Yes it does have an overhead however you see it.
But the main point is elsewhere: as I think we already discussed in earlier threads, CMOS processes that offer embedded Flash are fewer and more expensive, so the cost of dies is significantly higher, whether you actually embed Flash or not, or even if it's just a small area of it. While OTP is usually available on a wider range of CMOS processes at a lower price point.
Most modern processes are only set up for flash.
Nope. But just have a look at the offering at TSMC, GlobalFoundries and whatever else you like.
Specify some actual processes that are not flash, or flash without a charge pump acting like some kind of fake EPROM, that isn't ancient.
I don't know the answer to that.
I do know, from my own experience that the SiFive FE310 (TSMC 180nm) and FU540 (TSMC 28nm) both provide a few kb (8 and 16 respectively) of OTP, and no flash.

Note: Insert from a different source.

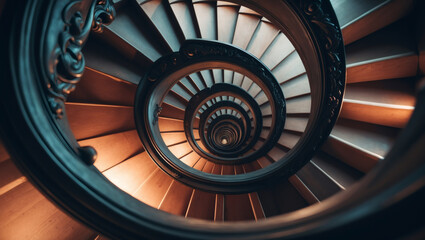 Dramatic view looking down a spiral staircase with wood steps, ornately designed railings, and unique geometric patterns.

They use external SPI flash for firmware.
Incidentally, the code in OTP (as delivered from the factory on the HiFive1 and HiFive Unleashed boards) starts with a RISC-V FENCE instruction 0x0000000F, which can be easily burned later to an up to ±1 MB relative jump 0xnnnnn06F.
I'd be interested to know the similar tricks that work on other ISAs.
Having all 0s be a NOP would be the simplest thing, but the RISC-V designers deliberately made both all 0s and all 1s be illegal instructions to try to detect execution off into the weeds ASAP.